Characterization of the object of computerization:
   The user on the site will be able to view the content that was published by the
system of automatic filling of content about current articles, to leave relevant
comments on the received content, as well as to receive answers to questions via the
contact form.
   In turn, the administrator has the opportunity to customize the system to specific
content topics, select sources of information, keywords to search, organize a template
for the appearance of content design.
   Functional requirements:
1. Authorization of users in the system: The system must have the function of
   authorizing the user and assigning him the appropriate role.
2. Maintenance of the working directory: A set of articles on specific topics, designed
   by the system.
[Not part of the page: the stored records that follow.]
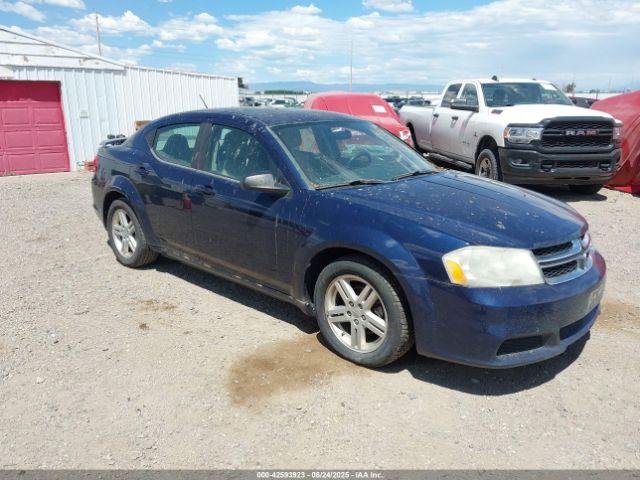  Salvage Dodge Avenger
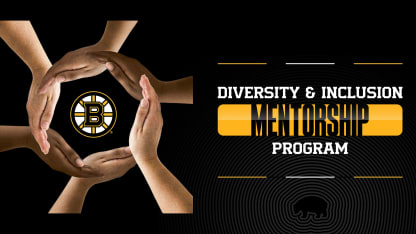 Bruins Announce 2024-25 Diversity and Inclusion Scouting Mentorship Program 
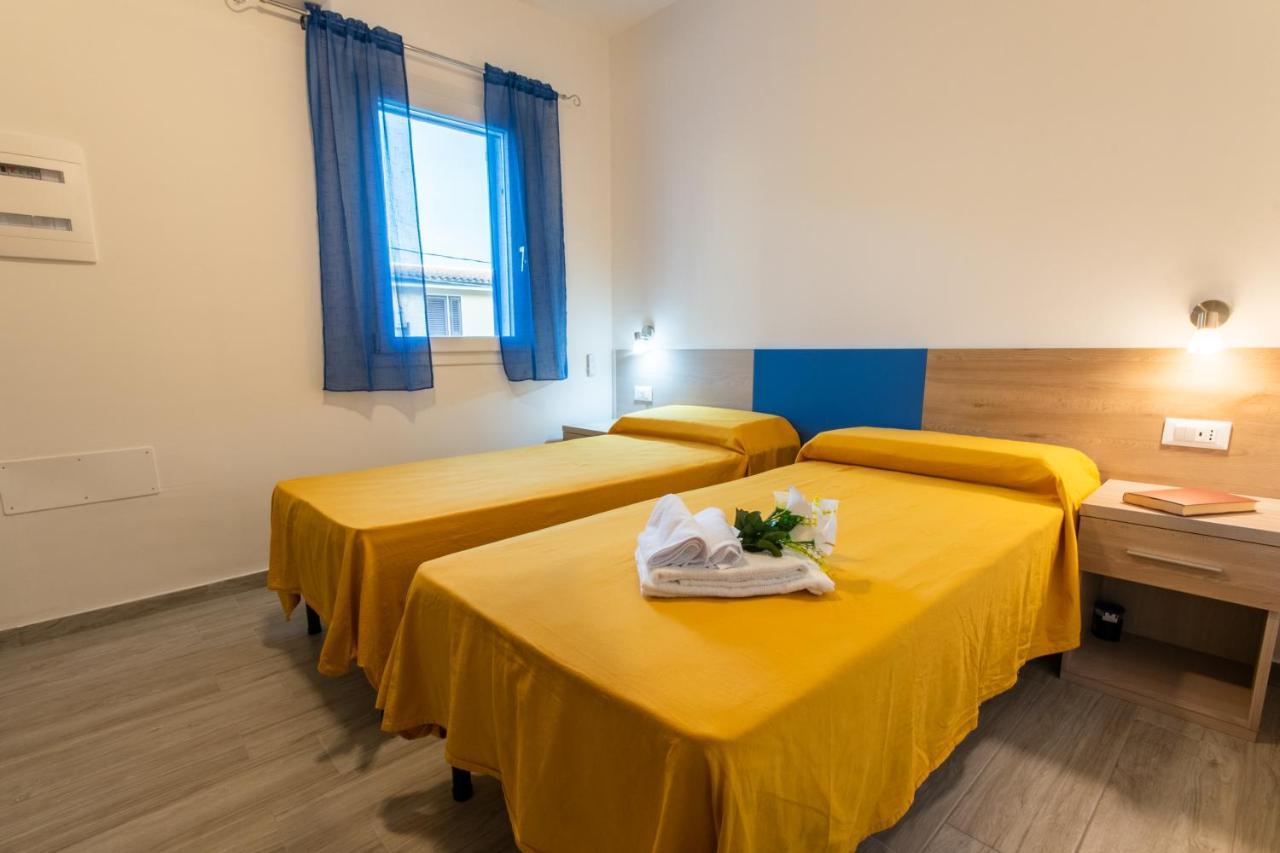 Bed & Blu Hotel La Caletta Kültér fotó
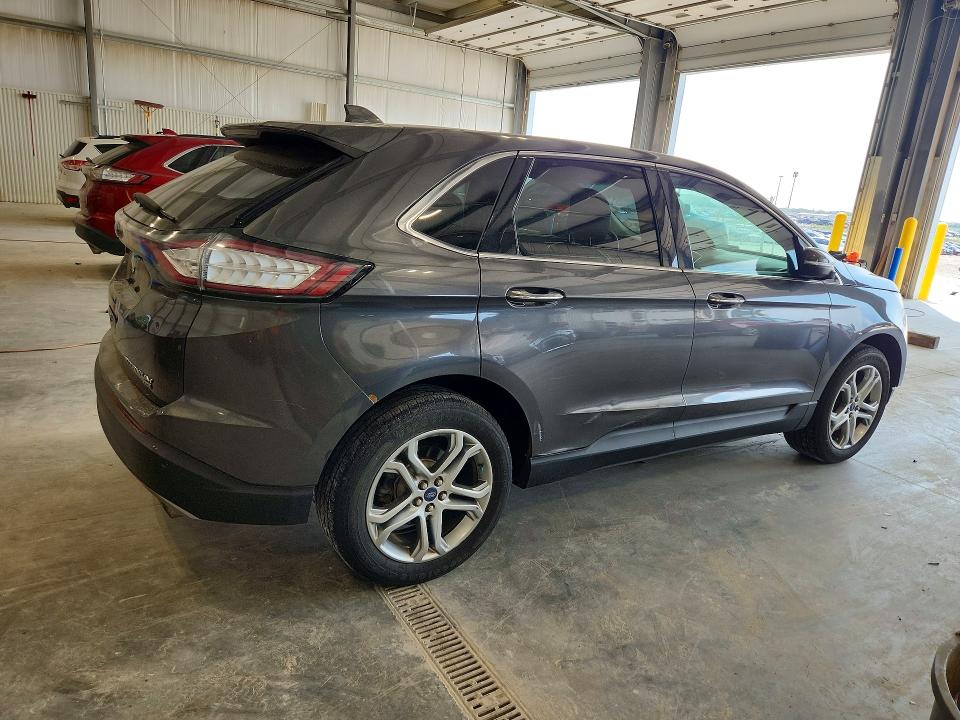 2015 Ford Edge მანქანა იყიდება აუქციონზე, vin: 2FMTK4K87FBB30779, აუქციონის ნომერი: 61516086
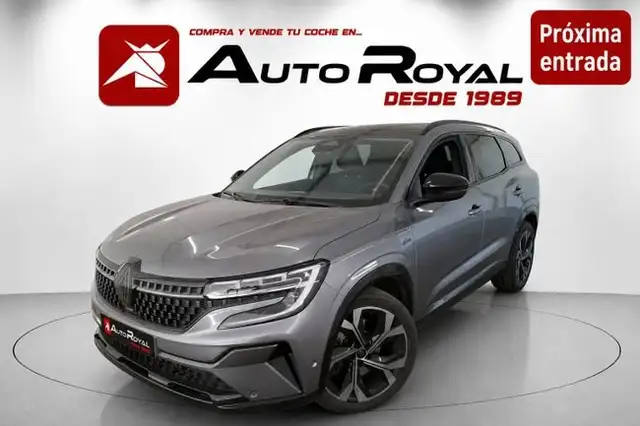 Renault Espace e-TECH FULL HYBRID 200CV ALPINE EPRIT EDC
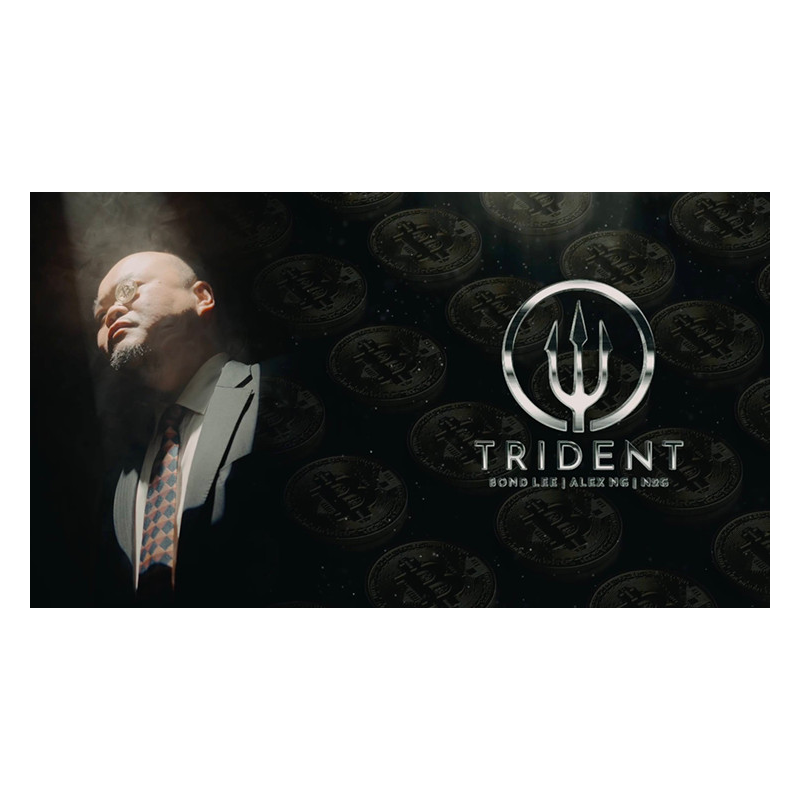 Trident by Alex Ng, Bond Lee, and N2G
Content management tools should be provided in IP.
3. Ability to store information: The system must store the information and allow the
   administrator to manage it.
4. Creating conditions for online communication of users: The system should allow
   users to communicate in the mode of email correspondence.
Non-functional requirements:
1. Perception

   It takes 1 hour for ordinary users to learn application tools and 20 minutes for
    experienced users.
   The system response time for normal requests should not exceed 1 second and
    for more requests that are complex 20 seconds.
   The application presentation interface must be intuitive to the user and require
    no further training.
2. Reliability

   Availability – the time required for system maintenance should not exceed 1%
    of the total operating time.
   Average continuous working time is 20 working days.
   The maximum rate of errors and defects in the system operation is 1 error per
    1000 user requests.
3. Productivity
The system must support a minimum of 100 concurrent users associated with a shared
database.
4. Ability to operate

   Scaling – the system should be able to increase capacity (productivity), with the
    increase of users in such a way that it does not negatively affect its performance.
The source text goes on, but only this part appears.